Charles Robbins has been writing about politics and government for decades, as a newspaper reporter, congressional and campaign operative, public affairs executive, Navy officer, and author.
After graduating from Princeton, where he was elected editor-in-chief of The Nassau Literary Review, he began his career as a copyboy at the New York Post, answering often full-volume cries across the newsroom from the editor who had penned the legendary “Headless Body in Topless Bar” headline.
Robbins earned a master’s in journalism from Columbia University and decamped to the Omaha World-Herald, then a metro paper with seven daily editions. As night police reporter, he broke a national story on drug-gang initiation rites and was promoted to the political team.
Robbins moved back east to serve as chief political reporter for the Ottaway chain in New York’s Hudson Valley. After a few years, and eager for a more direct role in politics, he moved to Washington as press secretary for a Pennsylvania congressman. Five months later, the Pennsylvanian lost his seat – Robbins was not solely responsible – and Robbins landed with Iowa Congressman Fred Grandy, a Harvard honors grad and classical stage actor best known as Gopher on the TV sitcom The Love Boat. A year later, Robbins moved to Des Moines and ran the press shop for Grandy’s gubernatorial campaign. They nearly unseated a three-term incumbent.
Now with statewide Iowa experience, Robbins signed on as communications director for a nascent presidential campaign – for Pennsylvania Senator Arlen Specter. Thirteen months later, Specter suspended his campaign weeks shy of the Iowa caucuses. Robbins told Specter he planned to leave to write a novel, and gave him a plot summary.
Specter said, “I’ve got a much better story for you – mine.” Specter had developed the Single Bullet Theory as a Warren Commission lawyer and played pivotal roles on Supreme Court nominations of Robert Bork and Clarence Thomas. Robbins spent much of the next three years collaborating with Specter on what would become Passion for Truth, a memoir on watershed events in 20th Century America. Robbins interviewed – in person – former President Ford, Cuban President Fidel Castro, and the Kennedy trauma and autopsy surgeons, among others.

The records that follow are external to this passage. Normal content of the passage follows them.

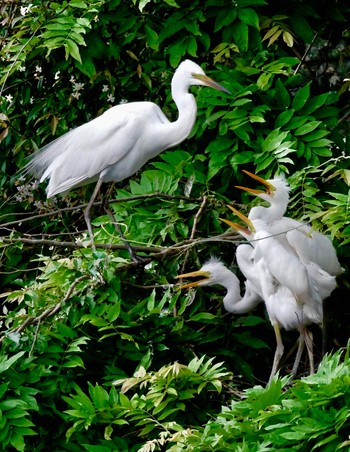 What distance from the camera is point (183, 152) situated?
5828 mm

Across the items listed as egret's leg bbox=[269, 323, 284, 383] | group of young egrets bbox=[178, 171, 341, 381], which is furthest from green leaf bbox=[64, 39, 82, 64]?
egret's leg bbox=[269, 323, 284, 383]

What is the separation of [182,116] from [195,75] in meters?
0.18

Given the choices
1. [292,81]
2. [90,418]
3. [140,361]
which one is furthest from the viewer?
[292,81]

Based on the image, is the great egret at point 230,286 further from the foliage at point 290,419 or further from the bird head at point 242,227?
the foliage at point 290,419

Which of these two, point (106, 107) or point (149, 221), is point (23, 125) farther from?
point (149, 221)

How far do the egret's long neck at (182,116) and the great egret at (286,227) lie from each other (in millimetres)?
500

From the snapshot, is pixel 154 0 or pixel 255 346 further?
pixel 154 0

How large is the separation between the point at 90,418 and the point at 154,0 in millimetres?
2096

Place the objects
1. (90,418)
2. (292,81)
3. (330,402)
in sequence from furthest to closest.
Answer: (292,81)
(90,418)
(330,402)

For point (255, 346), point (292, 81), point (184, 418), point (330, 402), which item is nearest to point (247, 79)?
point (292, 81)

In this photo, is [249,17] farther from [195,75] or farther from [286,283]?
[286,283]

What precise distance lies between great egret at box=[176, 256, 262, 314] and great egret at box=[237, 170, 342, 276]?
249 mm

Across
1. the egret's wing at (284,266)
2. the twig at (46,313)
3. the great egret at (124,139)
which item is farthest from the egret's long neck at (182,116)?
the twig at (46,313)

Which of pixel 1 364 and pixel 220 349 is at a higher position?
pixel 1 364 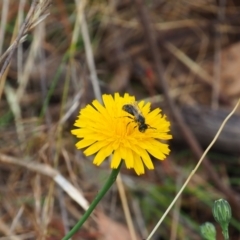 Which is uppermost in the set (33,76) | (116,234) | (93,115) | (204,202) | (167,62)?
(167,62)

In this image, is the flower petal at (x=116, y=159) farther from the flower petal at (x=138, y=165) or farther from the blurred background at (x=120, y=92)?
the blurred background at (x=120, y=92)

Robbins finally began drafting what would become his first novel, The Accomplice, as he ran media shops for XM Satellite Radio, helping to launch its national service, and a federal agency. Along the way, he also earned a direct commission as a Navy reserve officer and wrote speeches for the Secretary of the Navy, served underway on submarines, and ran a department at a Pentagon-based unit. In 2007, Robbins completed a low-residence MFA program at Queens University of Charlotte, where he finished most of The Accomplice as a master’s thesis.
In May 2010, Specter lost his Senate seat in a primary, and he and Robbins collaborated on a second non-fiction book, this one focusing on the death of the political center. Thomas Dunne Books / St. Martin’s Press published Life Among the Cannibals in March 2012.
After submitting the Cannibals manuscript, Robbins showed the publisher a draft of The Accomplice, which Dunne / St. Martin’s ultimately published in September 2012. Publishers Weekly wrote in a boxed, starred review: “. . . A riveting look at how love, lust, and murder can derail a presidential campaign. . . a must read.” Kirkus Reviews wrote: "Robbins stocks his impressive first novel with great characters . . . The narrative flows freely and easily, the dialogue crackles, and the comedy comfortably coexists with the drama. . . this book sets itself apart from most political thrillers with equal parts insight and imagination.” Library Journal featured The Accomplice in its “Fabulous Fall Firsts.”
Thomas Dunne Books offered Robbins a chance to collaborate with former Senate Majority Leader Tom Daschle on a high-end civics book about the Senate. The U.S. Senate was published in January 2013.
Robbins is finishing a second novel, a high-end thriller set largely in the 1930s Senate, based on material he discovered while researching The U.S. Senate.